>>>

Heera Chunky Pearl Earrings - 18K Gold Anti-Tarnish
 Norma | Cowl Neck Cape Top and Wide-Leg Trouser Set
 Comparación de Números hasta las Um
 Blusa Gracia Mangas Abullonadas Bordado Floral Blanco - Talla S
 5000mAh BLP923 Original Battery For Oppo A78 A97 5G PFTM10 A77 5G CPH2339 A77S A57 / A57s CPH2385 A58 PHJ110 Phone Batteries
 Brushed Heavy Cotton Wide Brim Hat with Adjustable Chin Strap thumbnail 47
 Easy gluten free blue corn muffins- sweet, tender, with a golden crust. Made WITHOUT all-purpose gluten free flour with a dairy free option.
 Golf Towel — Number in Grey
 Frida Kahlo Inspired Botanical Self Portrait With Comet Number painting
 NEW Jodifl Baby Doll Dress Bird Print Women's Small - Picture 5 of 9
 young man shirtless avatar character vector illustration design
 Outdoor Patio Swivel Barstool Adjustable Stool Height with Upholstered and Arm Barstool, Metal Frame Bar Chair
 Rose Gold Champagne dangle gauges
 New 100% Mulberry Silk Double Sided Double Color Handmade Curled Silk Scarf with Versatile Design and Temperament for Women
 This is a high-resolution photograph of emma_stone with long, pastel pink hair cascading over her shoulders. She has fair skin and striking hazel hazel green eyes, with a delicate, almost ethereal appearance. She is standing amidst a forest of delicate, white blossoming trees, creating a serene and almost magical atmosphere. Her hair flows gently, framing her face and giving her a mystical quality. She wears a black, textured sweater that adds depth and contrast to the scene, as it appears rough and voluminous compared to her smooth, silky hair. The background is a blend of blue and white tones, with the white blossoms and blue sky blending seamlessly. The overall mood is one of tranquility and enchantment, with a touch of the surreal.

<<<

# WHAT TO PRODUCE:
Working through the records, find each line containing the word "Adjustable" and copy it.

# SOLUTION FOR THIS EXERCISE:
 Brushed Heavy Cotton Wide Brim Hat with Adjustable Chin Strap thumbnail 47
 Outdoor Patio Swivel Barstool Adjustable Stool Height with Upholstered and Arm Barstool, Metal Frame Bar Chair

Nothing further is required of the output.